Lisa Delpit writes about the dilemma teachers face in working with student populations of color. She is particularly adamant about the disinterest white administrators, colleagues and researchers take in the perspectives of those who know the issues best – teachers and parents of color. Rather than listen to facts based on life realities as voiced by those who know the students best, many white, middle-class educators turn to irrelevant research and hearsay. This harms both the students and the process.  Delpit writes about the codes of power hidden in both language and society, and suggests that the best way for those not in power to access the codes is through direct, explicit instruction.  She maintains that well-intentioned liberal white teachers use indirect, persuasive language that undermines their authority with Black students. Delpit lists examples of communication in Black communities that is forceful and direct, and gets the point across. The author also maintains that in order to access power, students of color need to both affirm the language of their childhood and learn the language of those who hold societal power. Both have value, but one rules the world. Through keeping one’s own voice but learning to speak and write with the codes of power (code-switching), writes Delpit, students can access powerful society without diminishing their own identities. Delpit maintains that soft liberal teachers who don’t know how to manipulate the discourse opt out of teaching Black children altogether, leaving their students to languish in a world that makes little sense to them.

In an almost diametrically opposed perspective, Vershawn Ashanti Young writes that code switching perpetuates inequities, and it is instead through an equal blending of languages, with no higher or lower powers, that students of color can access the business world. Young writes extensively about Black maleness, and how schools can preserve the cultural identities of these young men without disparaging others who don’t match the stereotype. Young, unlike Delpit, struggles with his own black identity in the face of macho imagery, and thus sees the immediacy of need for the Black Vernacular English (BEV) used by his students. He suggests that there is also a WEV for white people, and the two need to be wed in common power and usage.  Students who have only one or the other are not fully capable of communicating at their best.

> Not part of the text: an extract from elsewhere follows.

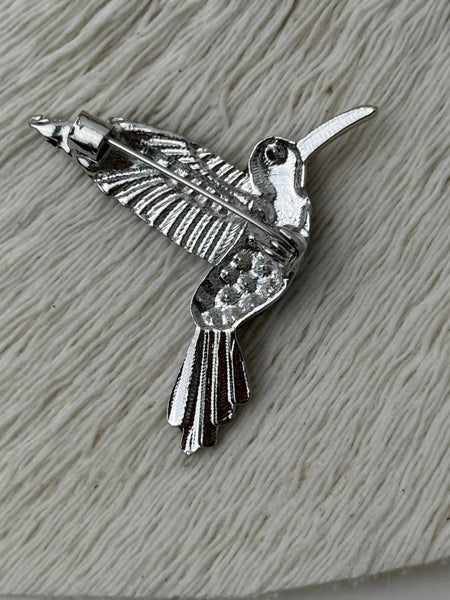 Back view of vibrant hummingbird brooch showing silver-tone metal pin with secure clasp on white textured background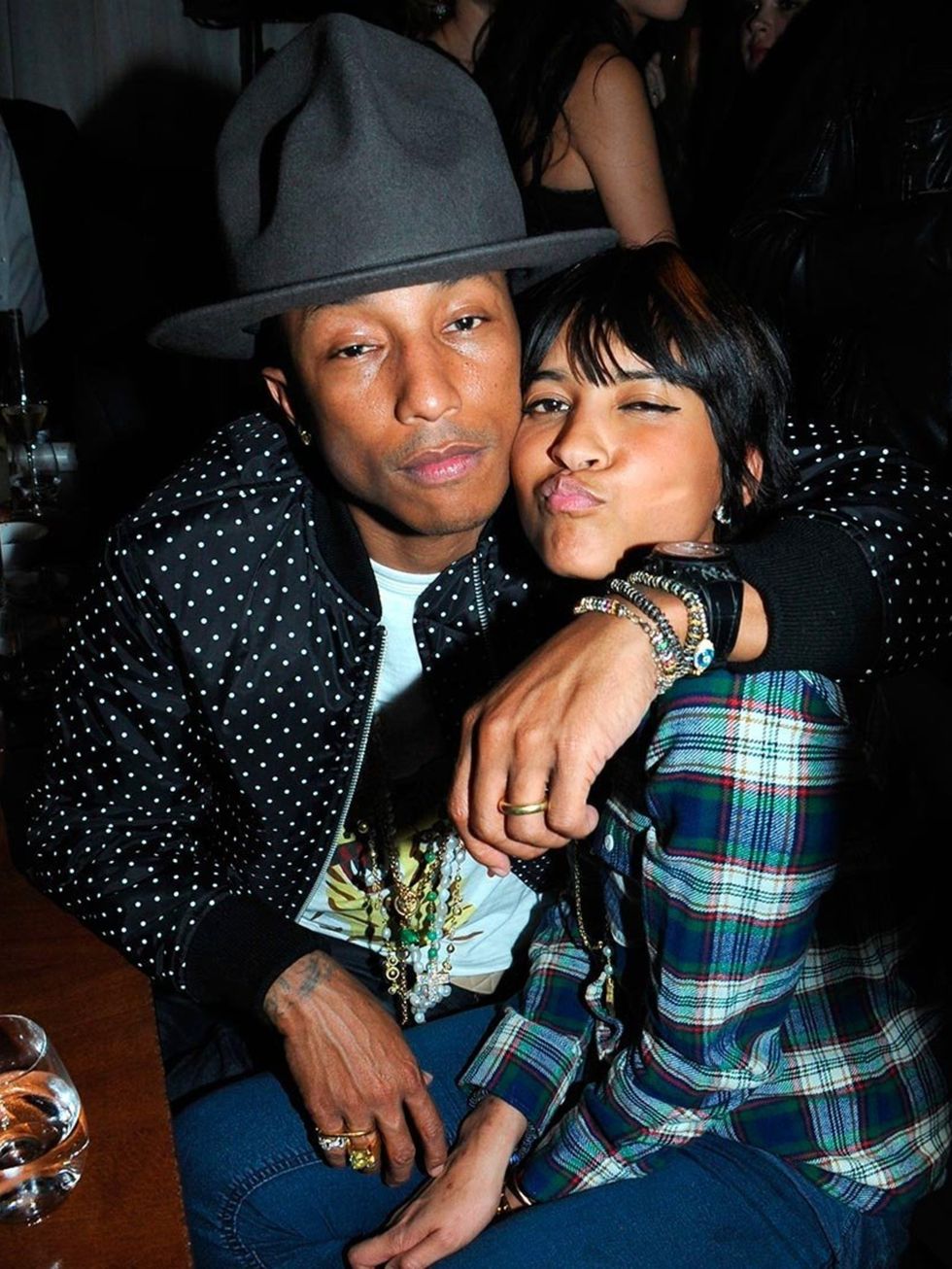 <p><a href="http://www.elleuk.com/elle-style-awards/red-carpet/elle-style-awards-2014-the-winners">Pharrell Williams</a> and Helen Lasichanh at the BRITs 2014 Universal after-party at the Soho House pop up.</p>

Thus, language is a powerful tool for both positive and negative messages.  How we use language determines how we are perceived, and to a certain extent how we perceive ourselves. There is a language of power in every society, and those with access to it are perceived as stronger and more effective communicators, and are thus in position to fully access all that society has to offer, including elevated social and economic statuses.

My personal experiences with language are based on growing up in a community that was/is literally on the “wrong side of the tracks” in Cleveland, Ohio. My brothers and I learned street language right out of a Bowery Boys movie, whereas my sister was immune to the need for it. We used it to communicate in rowdy games of stickball and kick the can, while she was isolated in feminine indoor pursuits. However in our home, proper “Standard” English was required, in fact our bibliophilic mother (and grandmother) insisted on pronouncing the “h” in words like wheat and white. As I went through school and read-out two libraries, I acquired an elitist language of my own, full of encyclopedic vocabulary that only my mother could love.  However, it was not cool in my neighborhood to be smart, so like many cited in Young’s article, I used two languages, one for the street and one for the rest of my life. I still do it when I need to meld with people who are uncomfortable with what they would call “hoity-toity” language. And my mother still says “who-ite.” Despite my own experiences, however, it is difficult for me not to judge people based on my own language snobbery, and I particularly struggle with colloquial southern dialects. I really can be an insufferable language snob.

I was terrified, incidentally, by both Delpit’s and Young’s articles. As I attempt to become a teacher I know I am bound by the same foolish middle-class good intentions that both of them reviled. I don’t know anything, really, about BEV, and so I am bound to screw it up. I am exactly one of those mild-mannered moms who will use all the wrong terminology despite wanting desperately to teach in an urban situation. I think I need coaching beforehand from a black teacher so that I can begin to learn both the language and the social codes.